Early investment enables a pension pot to grow, but it is a narrow window. As people move into the age of families and mortgages, they cut or even stop pension savings, and women are even more affected if they reduce work to care for children. Only later in life do people return to significant savings and by then it is very late in the day. Frankly, we should make sure that they also have strong incentives to save at this point in their lives to avoid sharp drops in living standards in old age. I think the Government have looked at earners as if they belong to fixed blocks: low earners, middle earners and high earners. In reality, most people’s profiles as earners and savers change as they go through life, and the incentives therefore have to be shaped to maximise and to meet that profile.
Some of my amendments would increase the £5,000 contribution limit annually by RPI. The noble Baroness, Lady Neville-Rolfe, discussed increasing the £2,000 limit by CPI. I know that the noble Baroness, Lady Altmann, considers this an additional complication but, frankly, we have to tackle this issue of frozen thresholds, which in eras of inflation have just such a negative impact.
My Lords, as we discussed at Second Reading, the Federation of Small Businesses has warned that the impact of the Bill could meaningfully disadvantage small businesses. In a way, I look at social enterprises and charities as, essentially, a subset of the SME sector. Big businesses can often devise ways and perks to reward people that are simply not available to SMEs, so they can dampen the impact of the Bill on their workforces and widen that competitive gap.

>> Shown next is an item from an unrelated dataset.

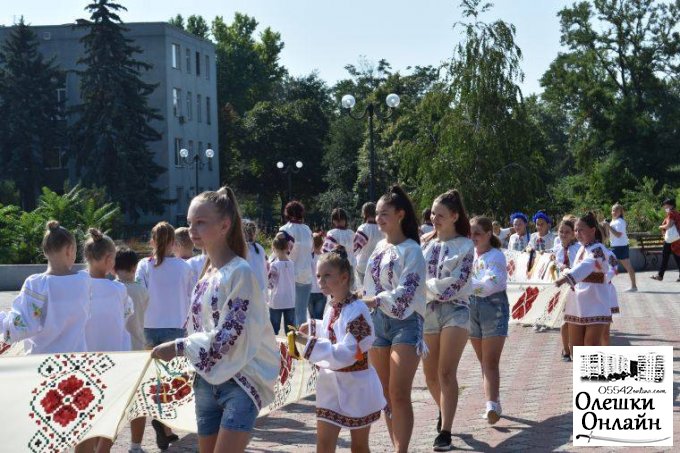 В Олешках розпочалися заходи з нагоди Дня державного прапора та Дня незалежності України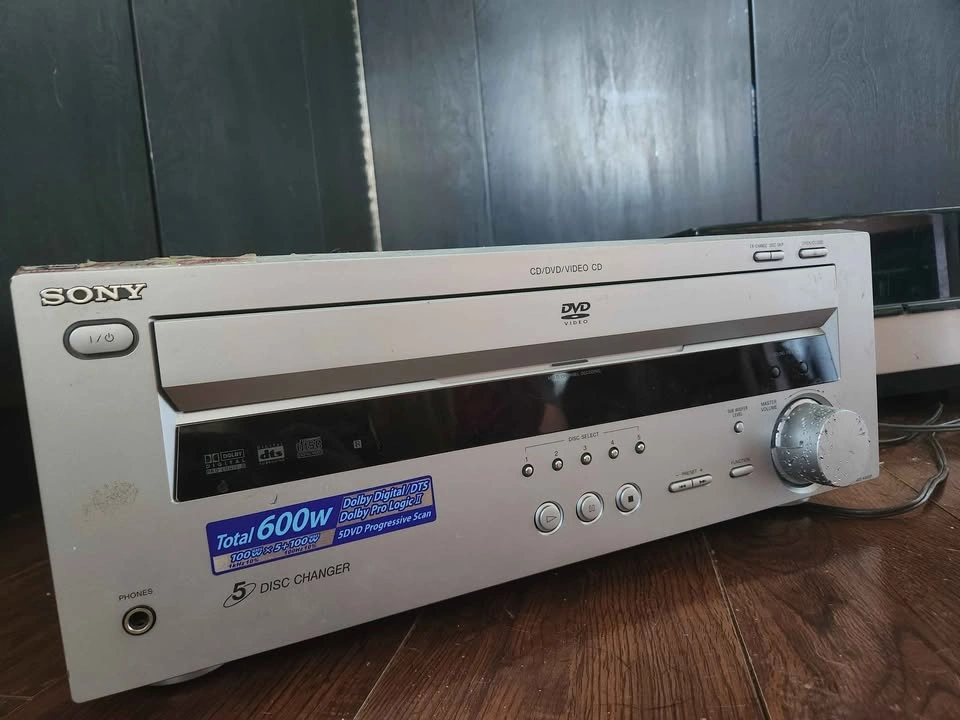 Audio Bundle: Sony 5-Disc DVD/CD Changer & Garrard Turntable 🏈 - photo 3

As a consequence of that, I thank the noble Lord, Lord de Clifford, for signing Amendment 27 in my name, and the noble Lord, Lord Londesborough, for saying that he would have signed it. Frankly, when these noble Lords give warnings on what will happen and what is happening in the small business sector, I really hope that the Government are listening because, unfortunately for our economy, their track record has a real history of being correct, and those warnings need to be taken seriously.
As other noble Lords have said, SMEs are already under pressure. I am not going to repeat the saga of the burdens on them, but we have to recognise that this is a time when we absolutely need small businesses to accelerate their hiring, especially of young people, and make serious investment in productivity and growth. Once again, this is another measure where I can see no alignment between the Bill and the Government’s industrial strategy or growth policy. It seems to pull in completely the wrong direction.
Amendments 12 and 24 would straightforwardly exempt SMEs. Amendment 27 in my name would give the Government a chance to make their case, in a sense, because it would require a detailed review within 12 months of the Act being signed, which is obviously long before the Act will come into force. The review would target the two issues that we have said are so critical—SME recruitment and retention—and would also look at this matter in the context of the cumulative impact, particularly of NICs changes since this is a NICs Bill. It seems wise to encompass a look at these two NICs changes as being linked and entangled in the way they impact on small businesses.
I do not want to take up much more of the Committee’s time, but it is important to stress that this is not the time for uninformed decision-making; that has been echoed through group after group of amendments. I am not rejecting the other amendments but Amendment 27 would be a relatively modest way for the Government at least to do something that begins to put evidence before Ministers and Parliament.
Lord Livermore (Lab)
My Lords, I am grateful to all noble Lords who have spoken in this debate. First, I will address Amendments 18 and 24 in the names of the noble Baronesses, Lady Neville-Rolfe and Lady Altmann, and the noble Lord, Lord Altrincham, which would exempt small and medium-sized enterprises, charities and social enterprises from the Bill.
The Government agree on the importance of supporting small businesses and ensuring that they are not unduly impacted by these changes. Small and medium-sized enterprises are far less likely to offer pension salary sacrifice than larger businesses. According to Nest Insight, around 33% of small businesses offer pension salary sacrifice to their employees, compared with 83% of large businesses. In addition, employees of small and medium-sized enterprises are far less likely to have contributions exceeding the £2,000 cap; only 10% of employees in SMEs have pension contributions through salary sacrifice exceeding the cap. Exempting small and medium-sized enterprises in the way suggested by the amendment would therefore introduce significant additional complexity into the tax system and would be disproportionate given the limited impact that this policy is expected to have on these businesses. The Government are engaging with employers and other industry stakeholders ahead of these changes coming in.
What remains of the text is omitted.